At BlackHat this past summer, we ran a survey in our booth asking a series of questions related to security in the cloud. We had more than 500 respondents and the signal was quite strong – everyone is confused about security in the cloud!
Let’s start with the simplest, most basic question – who is responsible for security? To illustrate this, let’s use a simple scenario - you have just decided to use some cloud provider to host some servers. In this case I am talking about infrastructure as a service (IaaS) - AWS, RackSpace, Google Compute Engine, etc. In ‘real’ terms it is pretty simple what we are doing - we are renting the right to run a VM hosted in a giant server farm somewhere. From a security perspective there is now quite a bit to consider, and it starts at a very low level. Let’s first lay out what needs to be addressed.
- Physical Security – ultimately no matter what we do, if someone can steal our physical machines (grab a hard-drive or flash our memory) we are in trouble.
- Hypervisor Security – in our virtualized world we rely on the hypervisor for segregation of resources, disk storage, RAM, CPU.
- Network Security – our world is not self-contained, so managing the communication and the connections that our systems can make is a critical piece of the equation.

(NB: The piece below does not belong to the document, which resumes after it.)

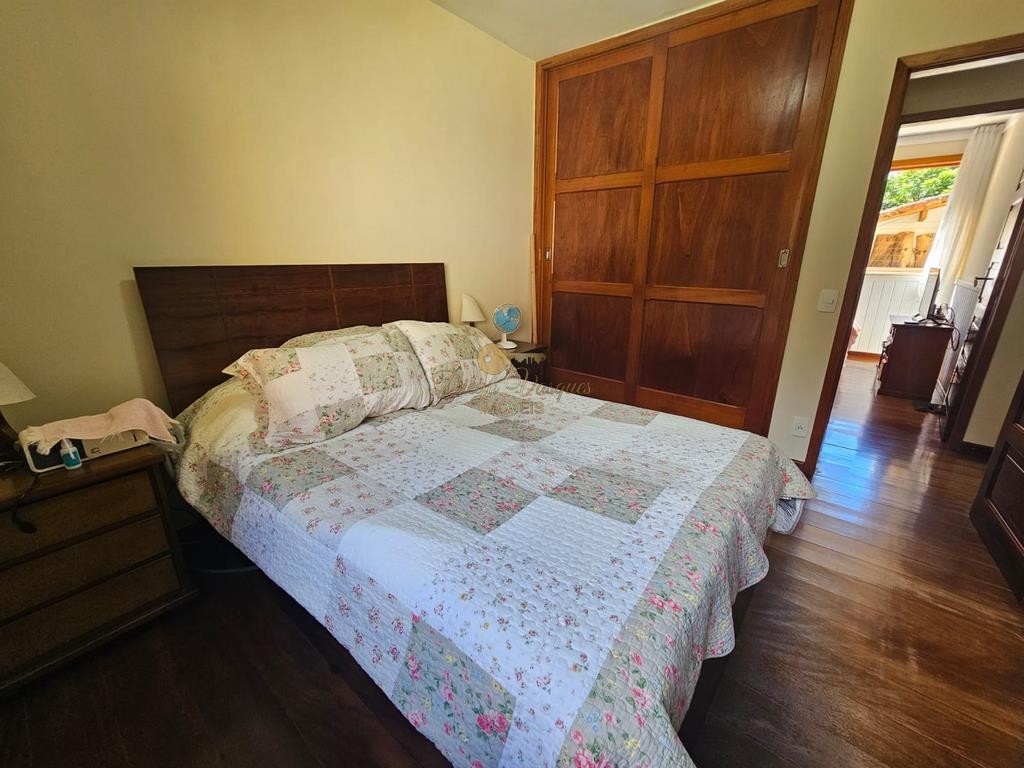 Casa à venda com 4 quartos, 200m² - Foto 31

- Operating System Security – all of our applications and services ultimately run on an operating system which is performing the basic tasks for us - running processes, networking, storing data, etc.
- Application Security – all of our actual value for running these systems resides at the application layer. The valuable processes and services provided by these applications are the whole reason for all of the other layers.

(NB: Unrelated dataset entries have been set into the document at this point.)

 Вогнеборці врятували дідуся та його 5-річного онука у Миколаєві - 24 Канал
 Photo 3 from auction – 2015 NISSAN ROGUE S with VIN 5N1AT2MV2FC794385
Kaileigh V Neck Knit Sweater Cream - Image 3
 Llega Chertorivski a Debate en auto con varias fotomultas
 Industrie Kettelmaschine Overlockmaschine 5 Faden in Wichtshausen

Now given our scenario above who is responsible for what? What should you be responsible for versus what your IaaS provider “owns.”
Well, according to our survey results, there isn’t a whole lot of thought behind most of the answers. For example, only 43% of people expect their IaaS provider to supply physical security – if the provider is not supplying this exactly how is this being done? Are we deploying magical virtual machines capable of fending off intruders tampering with the servers they run in? Probably not, but if you have one of those leave me a comment at the end of this post.
In the same vein, only 36% expect their provider to manage the security of the Hypervisor – none of the providers mentioned above will let you even get close to the hypervisor much less do anything related to monitoring the hypervisor. The last confusion was that 37% of the respondents were planning on deploying network-IDS into these environments – again most providers make this next to impossible.
With the nature of understanding demonstrated by the answers to these questions I am left wondering, what exactly is going on up there? Are customers of these providers educating themselves on what they are responsible for? Are they taking advantage of the security features offered them?
The only conclusion I can reach is that there is nothing but confusion surrounding security in the cloud. This is an entirely unacceptable situation, given the momentum of organizations increasingly moving their applications to the cloud.
This is the first in a series of blogs about cloud security. In future blogs, I will share insights about cloud security and provide suggested courses of action.